Priscilla: Written and directed by Sofia Coppola, this is a beautiful and sweeping story of Priscilla Beaulieu, the woman who would meet and marry and eventually divorce Elvis Presley. Played with heartbreaking innocence by Cailee Spaeny (an Oscar nomination seems inevitable), we begin the movie with the fourteen-year-old (!) Priscilla, who has moved with her family to Germany, where her father is stationed at a US military base. She is lonely and homesick, and for some godforsaken reason, after meeting her at a party, the 24-year-old Elvis (played by Jacob Elordi), sets his sights on dating her.Prsicilla's parents are weirded out by this, but what is weirder is that they still allow it, which is how you know they are American, because what Indian parent would ever allow this kind of nonsense (they might sanction a child marriage, of course, but not child dating!). The entire film unspools like a guide to grooming a teenage girl, but the pedophile in question is Elvis Presley and everyone around him seems totally fine with arranging things so Priscilla can stay over at Graceland and be with him while he continues to have affairs and break her heart.
This movie is mostly melancholy vibes with incredible costumes, makeup, and hairstyles. After all the bombast of last year's Elvis, it's nice to get a film from a woman's perspective of this famous man, and surprise, surprise, like many famous men, he had oodles of talent and treated women like accessories. You spend this entire movie watching Priscilla fight to be with this man and wanting to go "oh sweetie, no." And then you watch the inevitable realization dawn on her that this was a bad decision. It's a tale as old as time, but in the hands of Sofia Coppola, it's a tale that's still beautifully and compassionately told.
Saltburn: Written and directed by Emerald Fennell, this is yet another glorious confection for your eyeballs. If you loved Promising Young Woman (and who didn't?), this candy-colored aesthetic is going to feel familiar, but Fennell has now moved the action to her home turf of rich and ridiculous British people.
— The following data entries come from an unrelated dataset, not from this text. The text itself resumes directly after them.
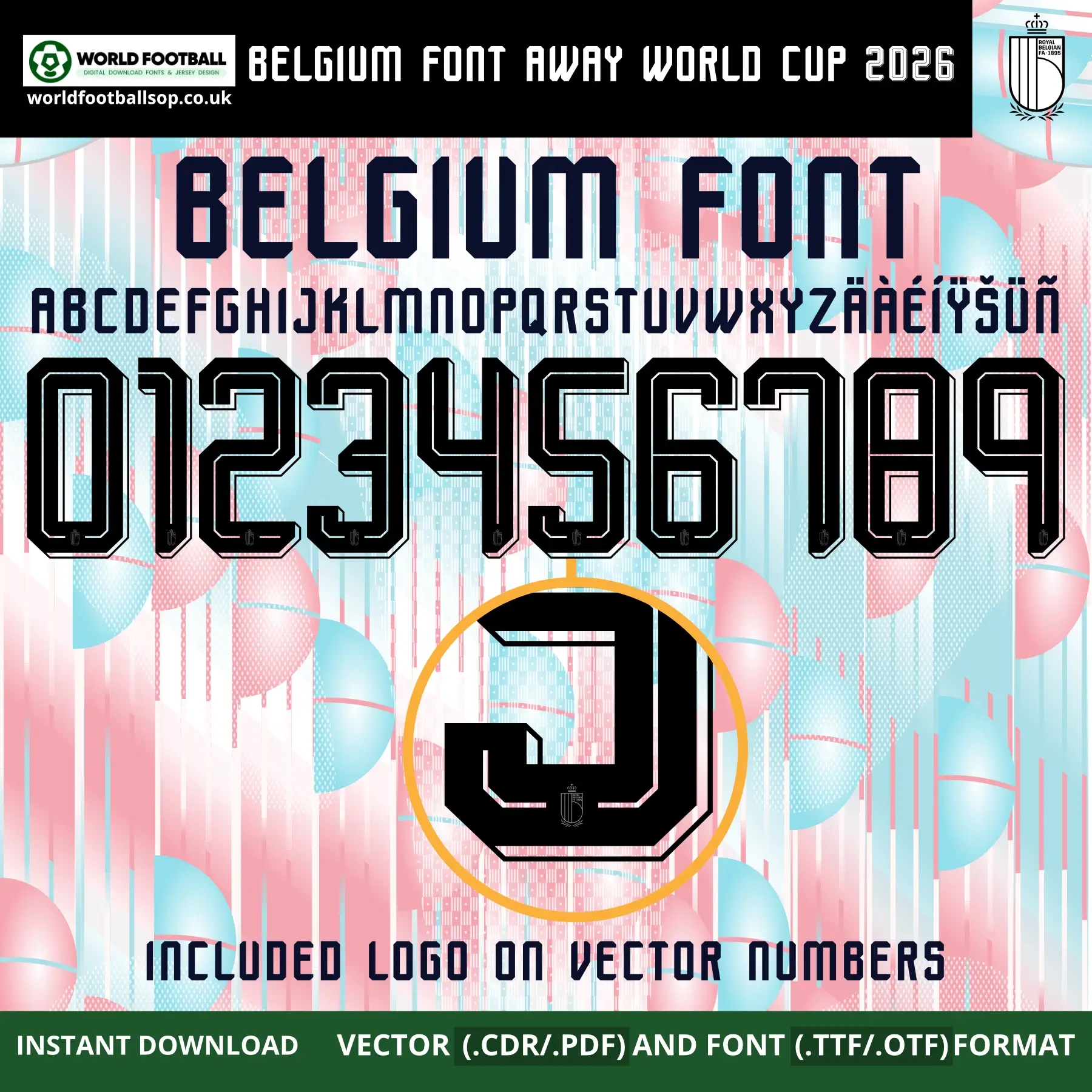 Belgium Away Font World Cup 2026 | TTF, OTF & Vector (CDR, PDF)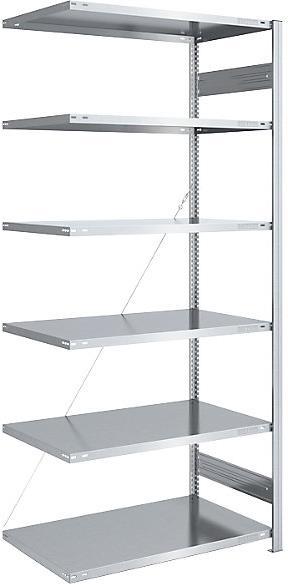 Actual product image eurokraft pro Storage boltless shelving, galvanized, type light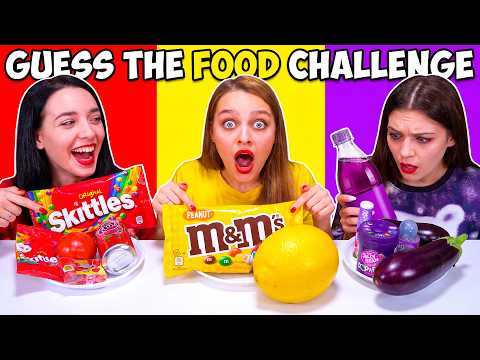 ASMR Guess the Food Challenge VS Pink and Yellow Candy Compilation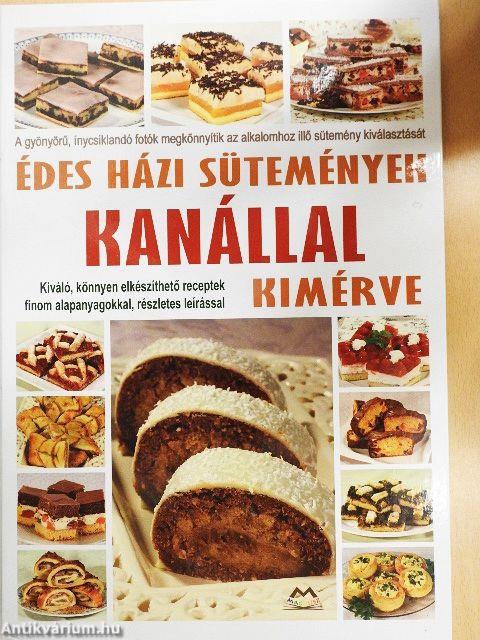 Édes házi sütemények kanállal kimérve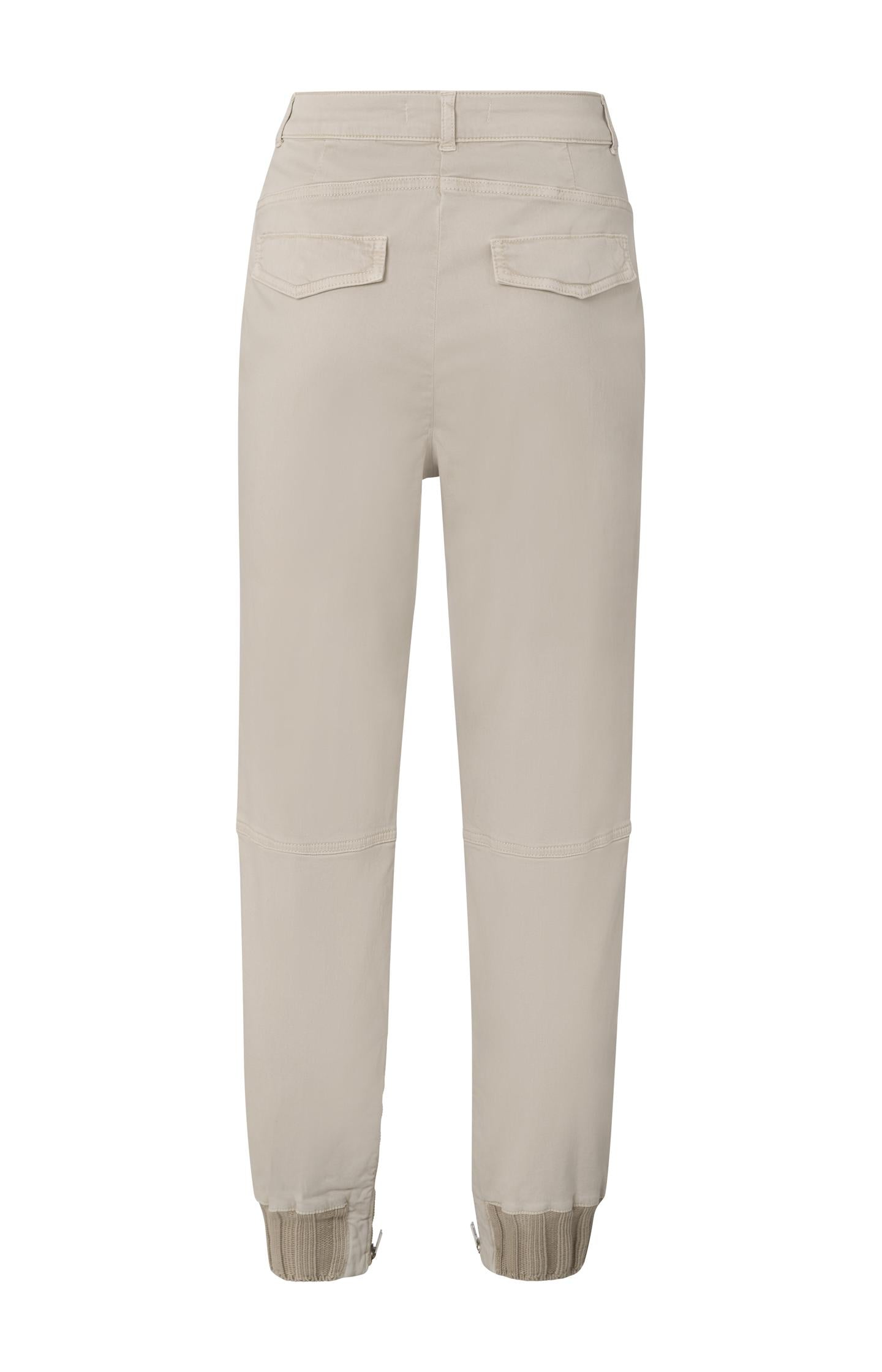 Soft cargo trousers with zip fly and pockets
And oh, is it divine.
The movie follows Oliver Quick (the incredible Barry Keoghan, in a performance that ought to get some awards attention this year), a young scholarship student at Oxford University in 2006. He is lonely and ignored but when he somehow befriends Felix (Jacob Elordi, playing a VERY different character from Elvis), a rich kid who seems to have a penchant for picking up strays, what follows is a very intense and volatile friendship. Eventually, Ollie is invited to stay with Felix at his family estate of Saltburn for the summer. What follows is a hedonistic and wild visit that is going to lead to some terrible revelations and some incredibly caustic humor about Felix and his family. Rosamund Pike and Richard E. Grant play Felix's parents, and let's just say they capture British aristocratic daffiness and repression to absolute perfection.
The soundtrack is wonderful, the acting is brilliant, and the screenplay veers wildly into every genre, managing to be both horrifyingly funny, thrilling, and macabre. It is a mind-bending marvel that will keep you glued to the screen for two hours and you will definitely hear some gasps in the audience as some twists and turns come flying out at you. It's everything you want from a movie, and more, so don't delay. Take a trip to Saltburn immediately.